This blog post is from Brenda Zhuang, Software Development Manager, and Jayden Shin, Senior Application Engineer at MathWorks.
 

Ready to pick up a childhood game and play it with a robot—on stage at a tech conference?

At this year’s Korea MATLAB Expo, while most demos showcased industrial automation, deep learning pipelines, or high-performance simulations, Jayden brought something a little different: a small blue robot trained to play Cheonggi-Baekgi—a classic Korean game of strategy, speed, and team spirit.
Video: Robot playing Cheonggi-Baekgi with Jayden
The project was more than just a playful throwback. It demonstrated how accessible and expressive embedded AI has become. With tools like MATLAB, Simulink, NVIDIA® Jetson™, and Arduino®, Jayden turned a nostalgic idea into a live, interactive demo of real-time AI in action.
And let’s be honest—there’s something undeniably delightful about watching a robot try to master a game that once ruled the schoolyard.
 

What’s the Game?

Cheonggi-Baekgi is a children’s game that is similar to “Simon Says” but with flags, popular in Korea and Japan. Players hold a blue flag and a white flag in each hand. “Simon” calls out commands like “White flag up!” or “Blue flag down!”  The players follow the instructions by raising or lowering their blue and white flags accordingly. If they make a mistake or respond too slowly, they are out of the game. The game continues with increasingly rapid and tricky commands. It is exciting and fun!
 

Behind the Scenes: How the Robot Learns to Play

At its core, this demo is an example of an on-device AI agent—a compact system that can understand speech, make decisions, and control the motors in a robot to respond to the voice commands.

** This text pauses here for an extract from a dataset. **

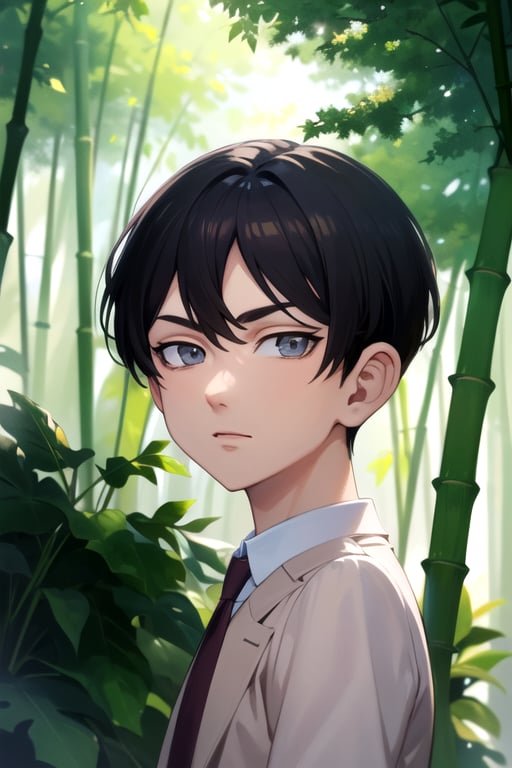 (best quality:1.1), (masterpiece:1.4), illustration, looking at viewer, , , , , 1boy, solo, male focus, <lora:naoto_tachibana:0.74>, naoto_tachibana, black hair, grey eyes, short hair, , , bamboo forest, 2k resolution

Like a good companion, the agent is conversational, responsive, and in control of physical systems.
Here’s how the system works:
  • Automatic Speech Recognition (ASR), natural language processing (NLP), and language model integration are handled using open-source frameworks.
  • The decision-making logic and robot control are implemented using MATLAB and Simulink tools.
  • By separating the decision model from the language model, the system reduces training complexity and avoids the unpredictability that can come from relying solely on large language models (LLMs) for control tasks.
This hybrid approach makes the system more stable, efficient, and easier to adapt for other applications—whether you're building a game-playing robot or a voice-controlled assistant.
AI-driven system of game-playing robot
Figure: System of open-source models, AI tools, and Model-Based Design for edge GPU and Arduino
 

Tools at work: Challenges and Iterations

The development of the control logic was quickly accomplished with Model-Based Design. Using GPU Coder and Jetson Support Package, the entire system was easily tested and deployed to the Nvidia Jetson platform. Using Simulink, the decision-making model and the control logic were simulated on desktop and with the Hardware-in-the-loop (HIL).
For ASR, we used OpenAI™ Whisper. While Whisper provides high recognition accuracy for relatively long sentences, it had difficulty accurately recognizing short and fast voice commands, such as those used in the game. In some cases, short utterances were misrecognized as similar but incorrect words. Since the model could not be fine-tuned, we implemented the exception handling logic to manage these misrecognitions.
 

Beyond the Game

What makes this demo more than just a fun experiment is its potential as a template for embedded intelligence, that is a modular, scalable architecture that can help you build complex AI-driven systems for robotics, autonomous vehicles, and innovative embedded applications with multimodal interface. The main building blocks in this template are:
  • Perception (e.g., speech recognition, gestures, touch, and computer vision)
  • Understanding (e.g., NLP and intent recognition)
  • Decision-making (e.g., rule-based logic and neural networks)
  • Control (e.g., motor commands and system actuation)
This layered approach mirrors how many intelligent systems are designed in industry, and it’s fully supported by the MathWorks ecosystem.
  • MATLAB & Simulink: Ideal for modeling, simulation, and rapid prototyping of control systems and AI workflows with open-source integration.
  • Deep Learning Toolbox: Enables training and deployment of neural networks for tasks like classification, regression, and decision-making.
  • Embedded Coder & GPU Coder: Allow you to generate optimized code for deployment on embedded CPUs and GPUs, including platforms like NVIDIA Jetson.
  • Hardware Support Packages: Enable direct testing on hardware targets such as Raspberry Pi, Arduino, and Jetson by providing dedicated interfaces.

Try It Yourself

Curious to build your own AI-powered robot? You can get started by downloading the example files and watching the demo introduction video. Once you’ve unzipped the files, open the ReadMe.mlx file in MATLAB to walk through the setup.
Here’s what you’ll need:
  • A Jetson board (e.g., Orin)
  • MATLAB with Deep Learning Toolbox
  • A basic robot platform (or even a simulated one)
  • A bit of curiosity and a willingness to experiment

What will you build?

In a world where AI is often framed in terms of productivity and performance, it’s easy to forget that it can also be personal. It can reflect who we are, where we come from, and what we care about. Whether it’s a childhood game, a local tradition, or a personal challenge, embedded intelligence gives us the tools to bring those stories to life in new and unexpected ways.
And the best part? With platforms like MATLAB, Jetson, and open-source models and MBD tools, the barrier to entry has never been lower.
What would your robot learn to do? Whatever it is, the tools are here—and the possibilities are wide open.
Leave your ideas in the comments section!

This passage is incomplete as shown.